Rottengander, let me get this staight.......A non-res, (you) complaining about another non-res post? Get a clue! I for 1 thought it was a good question.


----------



## 9manfan (Oct 22, 2008)

nobes said:


> Rottengander, let me get this staight.......A non-res, (you) complaining about another non-res post? Get a clue! I for 1 thought it was a good question.


X2,,,weather plays a big part in duck hunting,migration, freeze up,I see nothing wrong with that question,,,,,,,


----------



## jbaincfl (Feb 5, 2003)

We have been hunting ND for 15 years and every sqaure inch of water has to be froze over before the mallards move out. They will start to congregate on the large water when the potholes freeze over and it makes it even easier to find them in the fields.
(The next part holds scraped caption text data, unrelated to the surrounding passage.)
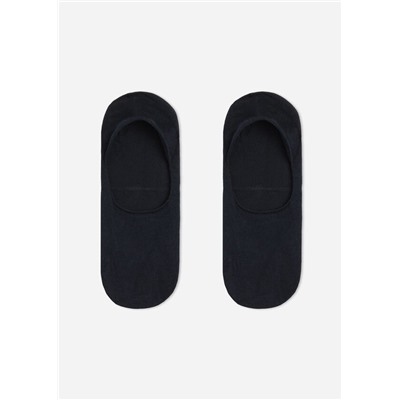 Unsichtbare Unisex Baumwollsocken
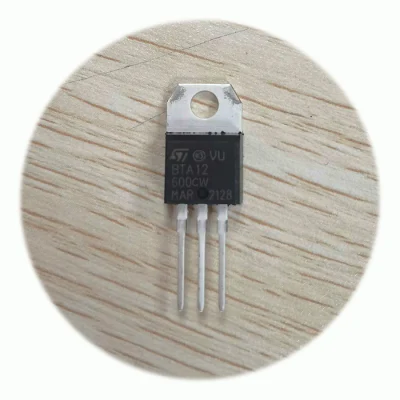 Transistor BTA12-600cwrg High Quality Thyristor Transistor To220 BTA12-600cw
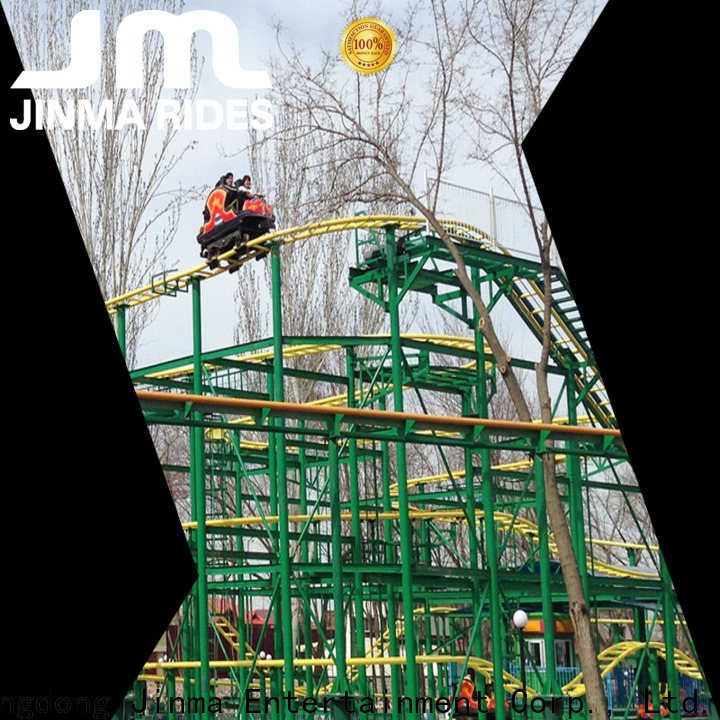 Jinma Rides дикие американские горки Китай на продажу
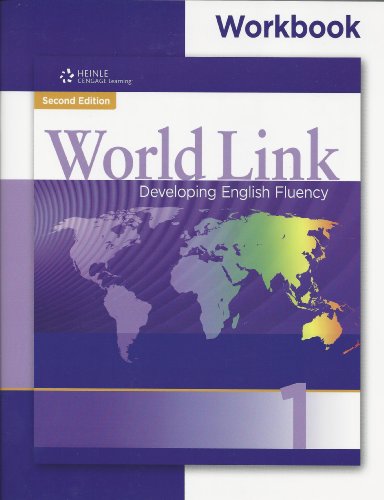 Imagen de archivo de World Link 1 Workbook a la venta por GridFreed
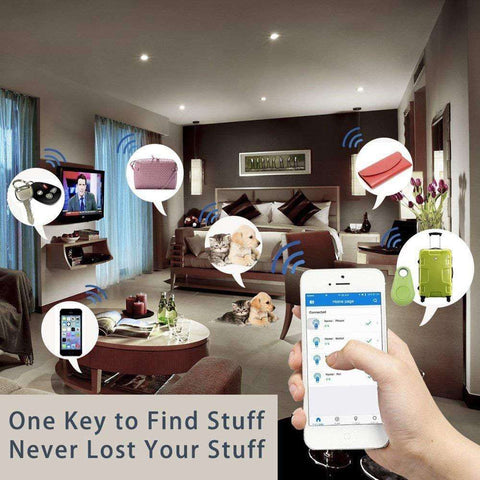 Anti Lost Mini Wireless Tracker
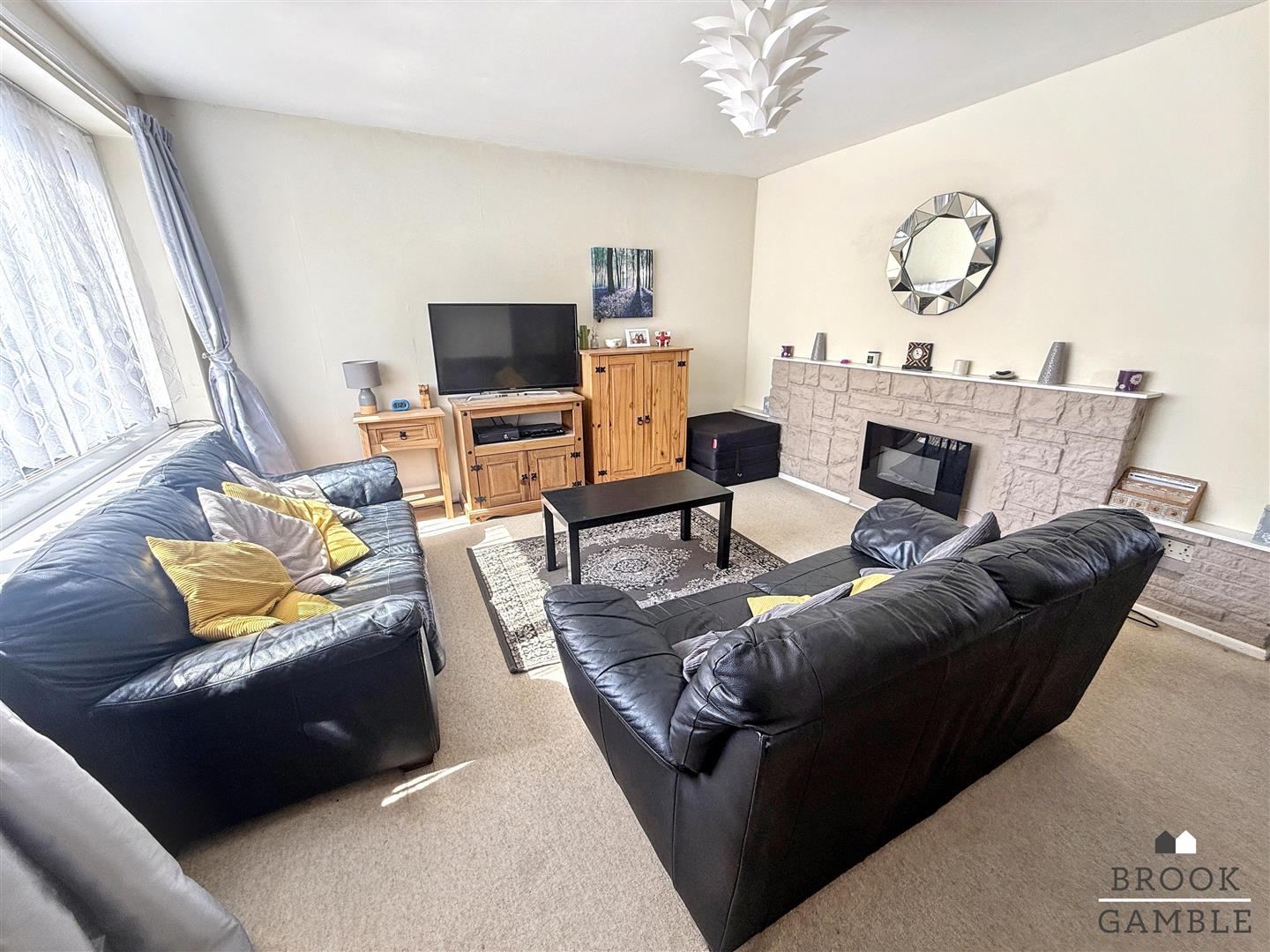 2 Bedroom House. Biddenden Close in Eastbourne,  2
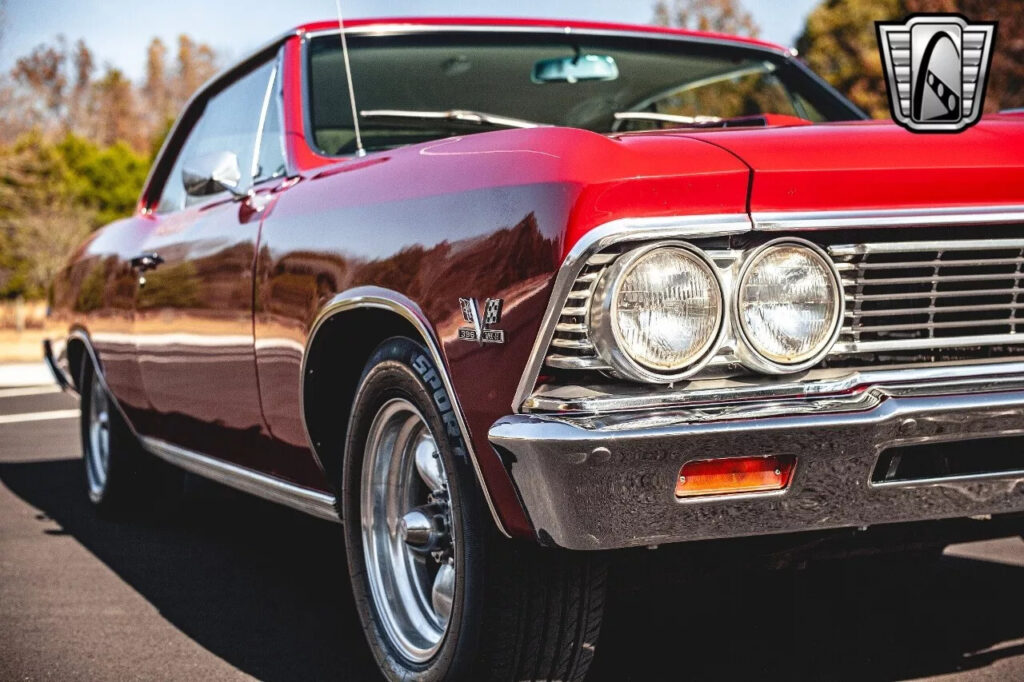 1966 Chevrolet Chevelle SS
The mallards don't move out until there is no feed (too much snow cover) or the large lakes are completely frozen over. We have had our best late season hunts when it gets cold.


----------



## The Shovla (Aug 23, 2009)

I'm heading out thursday night, and I've been hearing from friends that live out there they are talking snow next week, which is totally fine as long as it doesn't dump on us. It's always fun to have some snow falling or have birds whipping through the fog on you! Bring 'em on, and tell the birds up in Canada to start coming down NOW!


----------



## dakotashooter2 (Oct 31, 2003)

Water will stay open until daytime temps hit the freezing mark. Water will thinly ice over at night then thaw by midday. Wind and bird activity will keep pockets open at night.


----------



## rottengander (Oct 2, 2010)

Just testing the water boys relax.


----------



## nodakoutdoors.com (Feb 27, 2002)

Looks like the forecast has gotten warmer, at least for the lows.


----------